======== Recorded information

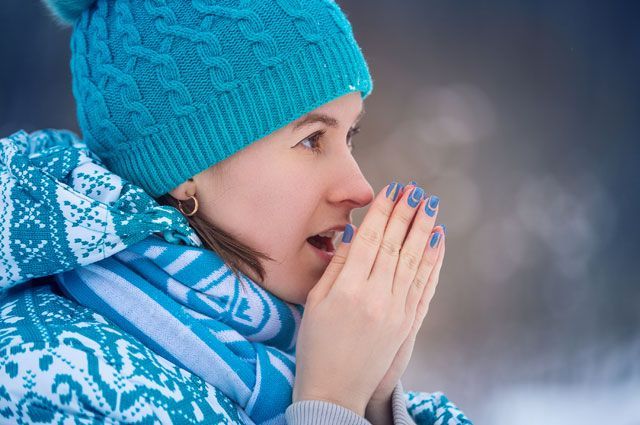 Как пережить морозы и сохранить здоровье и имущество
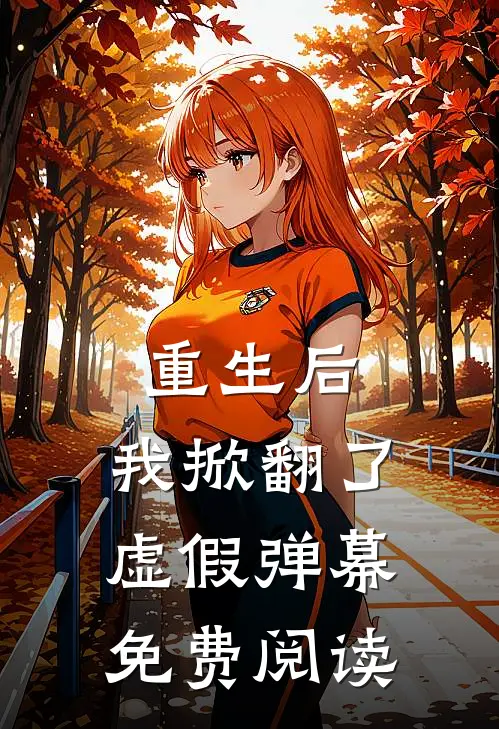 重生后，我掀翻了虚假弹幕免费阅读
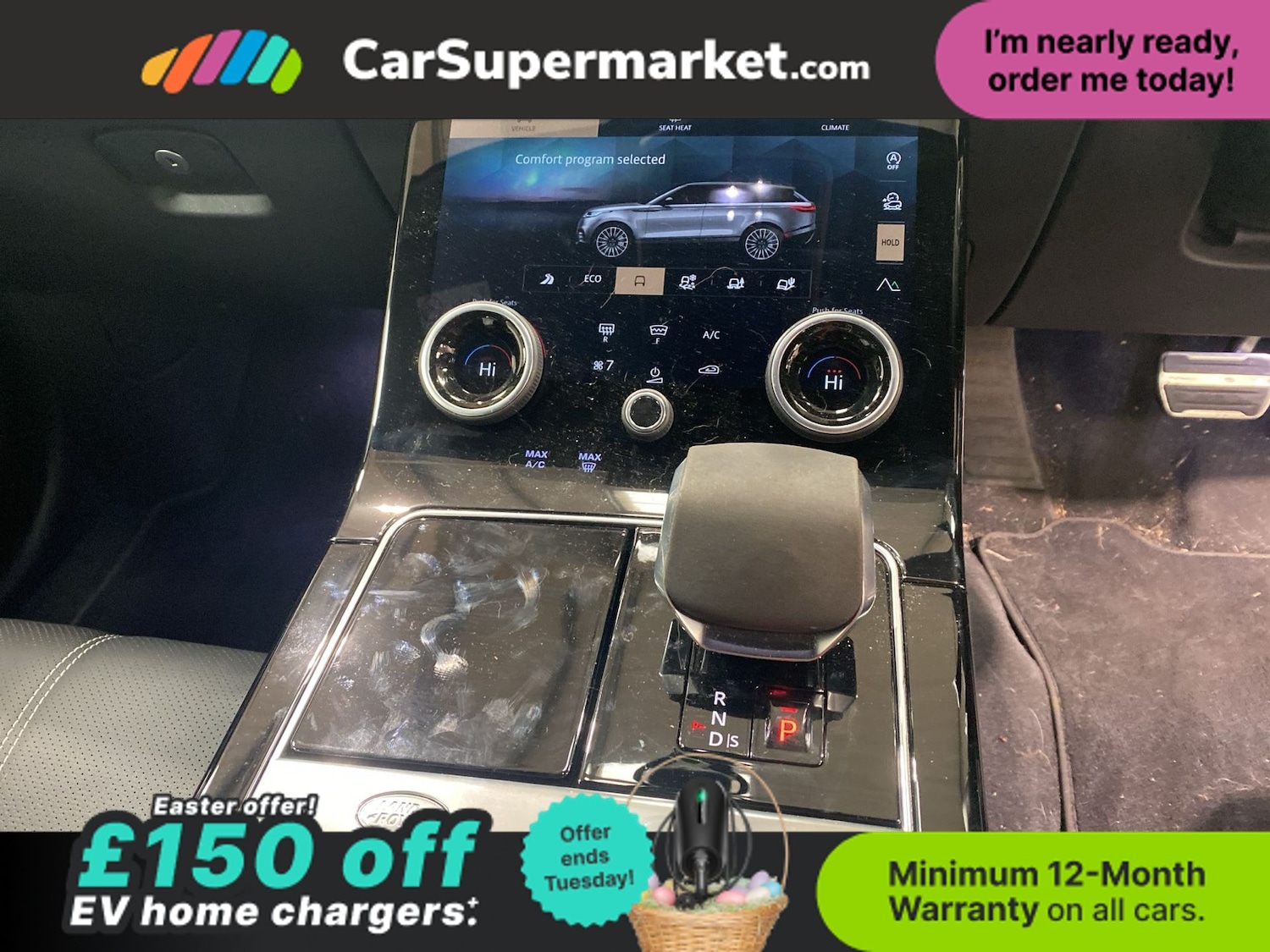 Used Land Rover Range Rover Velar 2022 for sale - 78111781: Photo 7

================
======== Recorded information

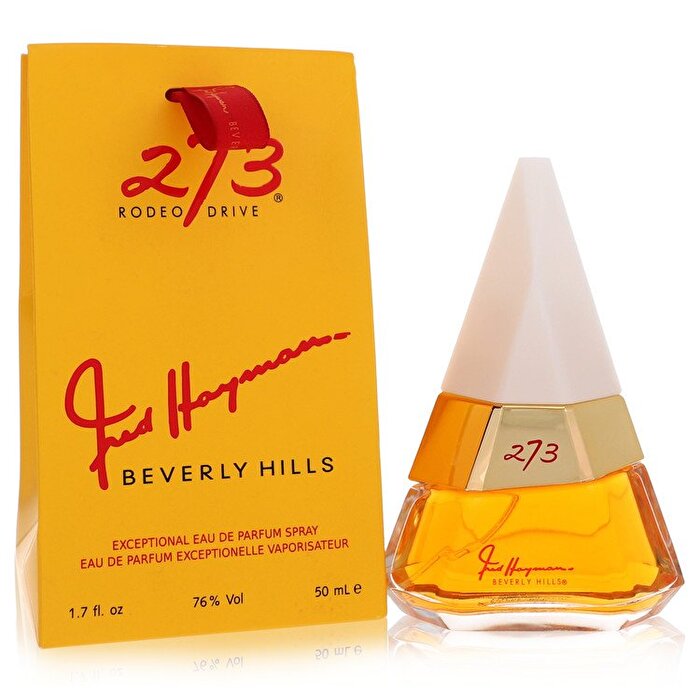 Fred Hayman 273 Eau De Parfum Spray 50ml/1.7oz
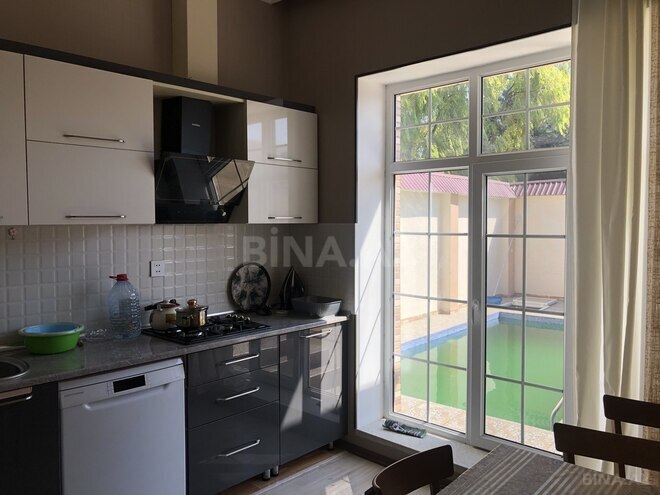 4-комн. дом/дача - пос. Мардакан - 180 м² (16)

================

Using the records above, return word for word the lines that begin at the one containing "Как пережить морозы" and end at the one containing "Used Land Rover", both of them included and no pictures.

 Как пережить морозы и сохранить здоровье и имущество
 重生后，我掀翻了虚假弹幕免费阅读
 Used Land Rover Range Rover Velar 2022 for sale - 78111781: Photo 7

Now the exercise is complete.